Thursday, Jan 18, 2018 | Last Update : 01:33 PM IST
Results of the study approved by the Depart-ment of Biotech-nology will decide when the drug will be available in the market.
In a first, 24 researchers from several labs have designed and synthesised ‘Disarib’, a drug which induces the death of cancer cells, and carried out preliminary tests as well. It has been patented, a first for a home-grown drug, developed for targeted therapy of cancer.
Cancer biologists, chemists, clinicians, and specialists in bioinformatics, belonging to different labs, will soon pool their expertise for a multi-crore rupee project aptly titled ‘Glue Grant’, to carry out pre-clinical tests of the drug Disarib which brings about the death of cancer cells.
The Department of Biotechnology (DBT), New Delhi, has approved this collaborative effort to produce the first home-grown drug, which has been found to be better than the one (Codenamed ABT199) approved by the Food and Drug Administration (FDA) of the United States, for it does not set off any side effects.
Designed and synthesised by researchers from eight different research groups spread over labs in Mumbai, Thiruvananthapuram, Bengaluru, and with contributions from a couple of Indian scientists at the Department of Molecular and Clinical Cancer Medicine, University of Liverpool, Disarib belongs to the class of “designer molecules” that zero in on rogue cells as part of the targeted therapy method to combat cancer. To start with, the efficacy will be checked out on cancer cells of patients suffering from leukaemia and lymphoma. Besides Disarib, new drugs with similar action against cancer cells will be tested for toxicity and efficacy as part of the new project, says Prof. Sathees Raghavan of the Department of Biochemistry, Indian Institute of Science, Bengaluru.

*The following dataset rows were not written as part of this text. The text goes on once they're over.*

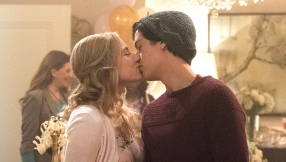 \'Riverdale\' season 2 news, spoilers: Alice\'s dark history to be revealed in the new season; Betty and Jughead to split?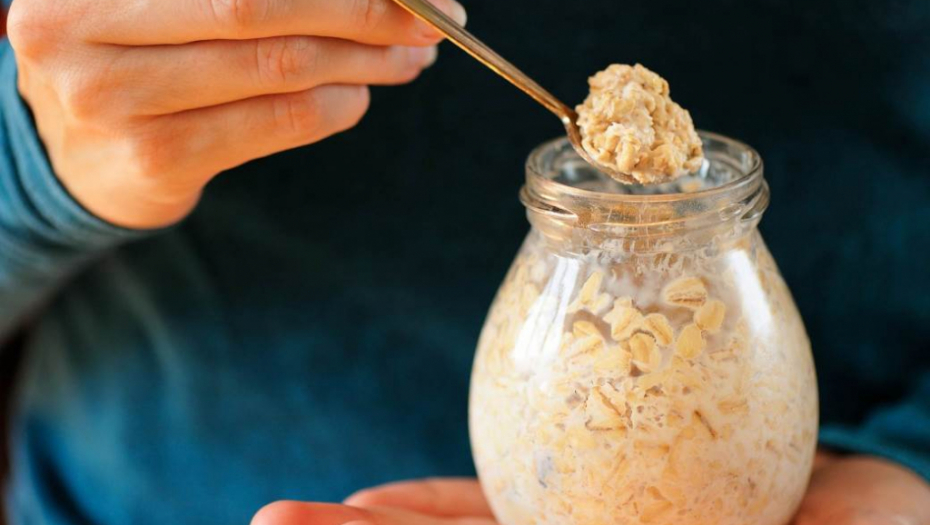 UMESTO DORUČKA Napitak od 2 sastojka čisti creva od sluzi, fekalnih naslaga i parazita i izvodi se samo jednom godišnje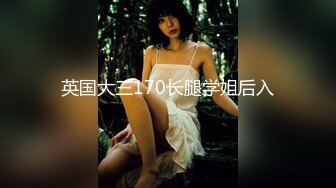  极品圆润肥臀少妇夫妻居家啪啪，性感开档黑丝跪着深喉交，翘起大屁股后入抽插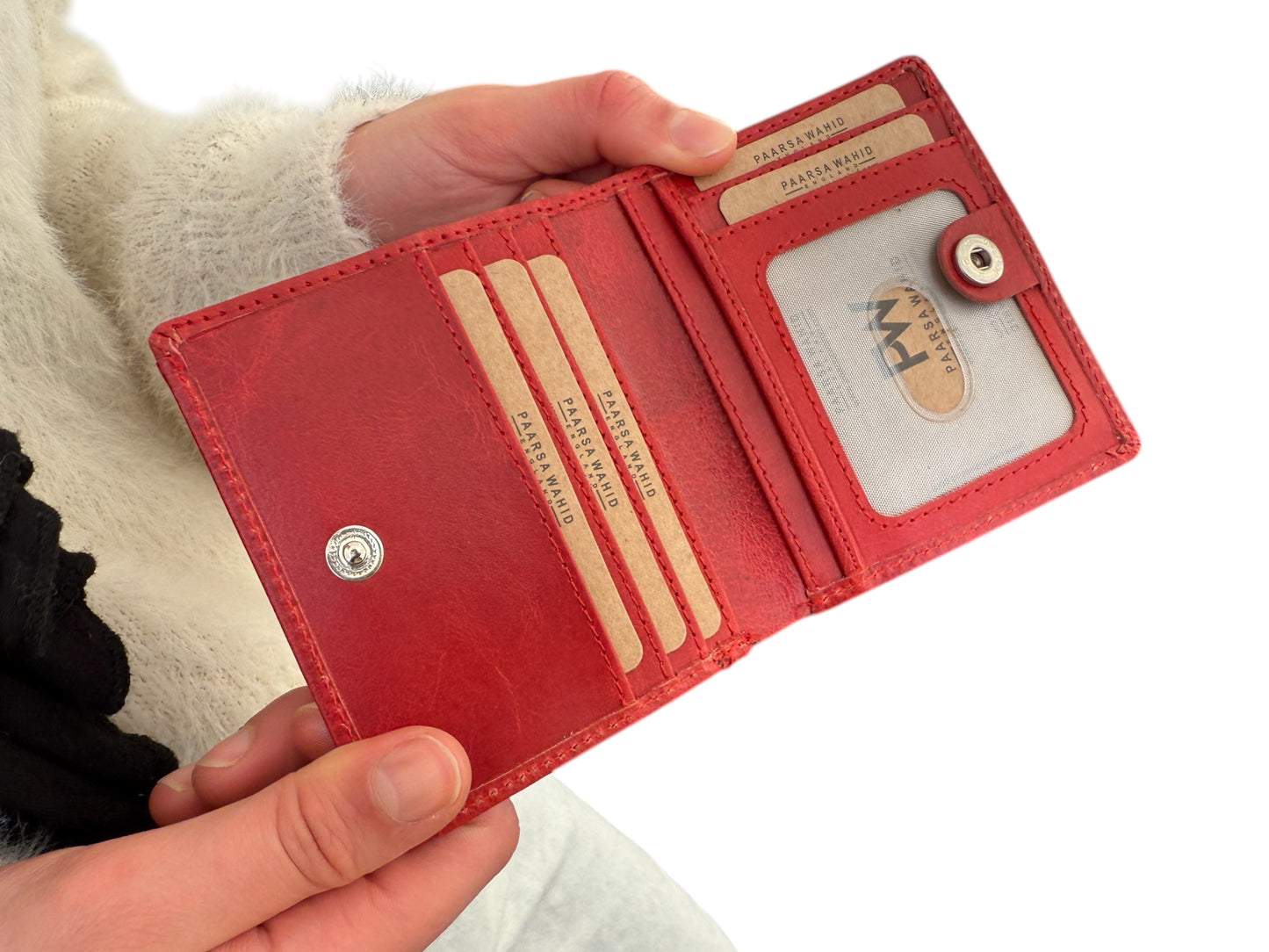Personalised Leather Wallet for Her – Minimalist, Practical & Boxed Gift –  RFID Purse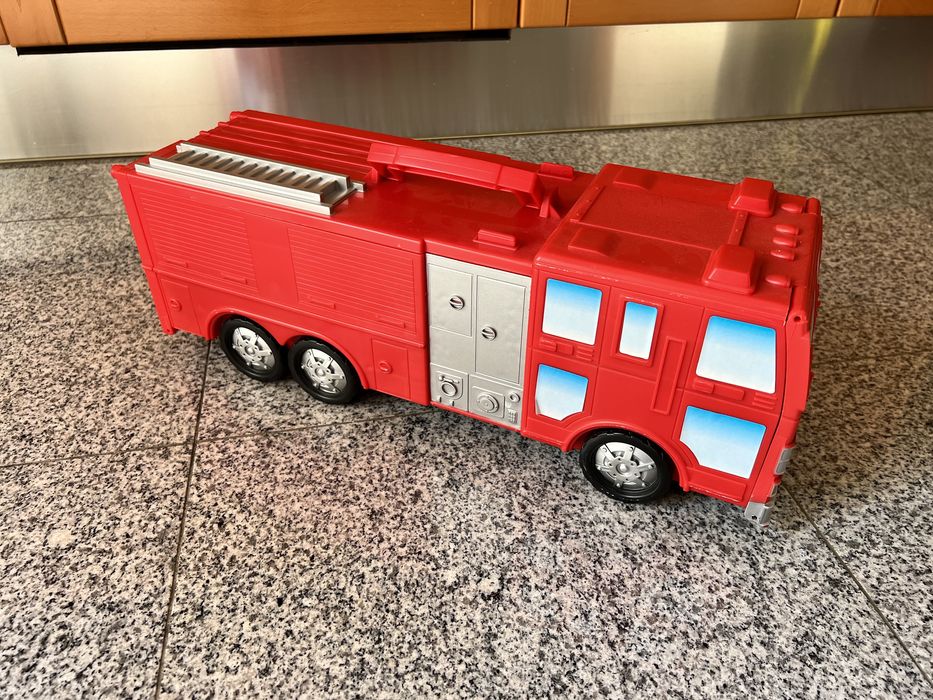Quartel de bombeiros portátil - Imaginarium - IMPECÁVEL
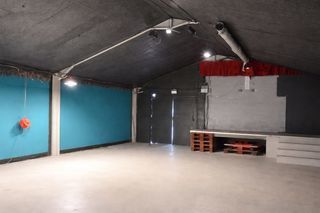  Immeuble � vendre 610 m�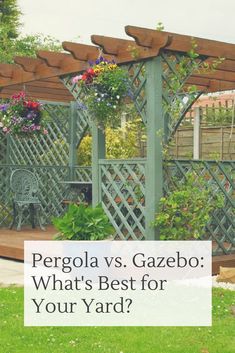 Adding a pergola deck to your home will give you a beautiful place to relax and enjoy the outdoors. These decks are a great addition to any home, and can be customized to fit your needs. Pergola Lattice, Pergola On Deck, Terrace Shade, Yard Pergola, Lattice Panels, Cottage Patio, Pergola Gazebo, Backyard Structures, Pergola Diy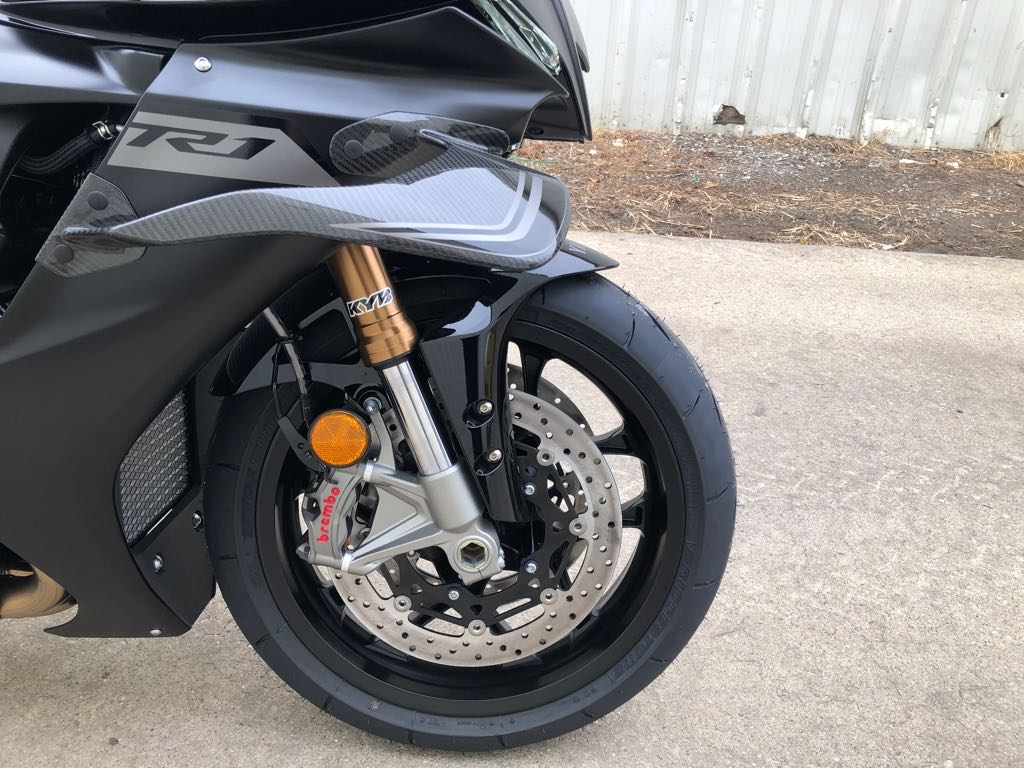 2025 Yamaha YZF R1 - Photo 2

Prof. Raghavan says preliminary studies by his group show that the home-grown molecule gets better results than the one approved by the FDA in terms of elimination of cancer cells. And, it does so in significantly smaller doses, reducing further the chances of side effects. “The smaller size of the Disarib molecule, compared with ABT199, makes it easier for the drug to reach the cancerous cells where it can begin destroying the tumour,” adds his colleague Supriya Vartak. The results have been published in Biochemical Pharmacology.
Following a number of preliminary tests and analyses, the drug was tested in cancer cell lines, animal models, patient samples and more. The team even utilised a humanised model of tumour in mice for ovarian carcinoma, in addition to three independent mouse tumour models for investigating the tumour regression property of Disarib. The molecule was found effective against a range of cancers — leukaemia, lymphoma, breast cancer, ovarian cancer and colon cancer.
“In all the cases, our molecule performed better than ABT199, which is why we decided to patent this molecule,” said Prof. Raghavan.
Pharmaceutical companies have shown some interest, which is very encouraging, says Prof. Raghavan, though he cautions that results of the study approved by the DBT will decide when the drug will be available in the market.
The group has developed other inhibitors, too, some synthesised in the lab and some extracted from plants, and they will be tested as part of the new project though they are not as effective as Disarib.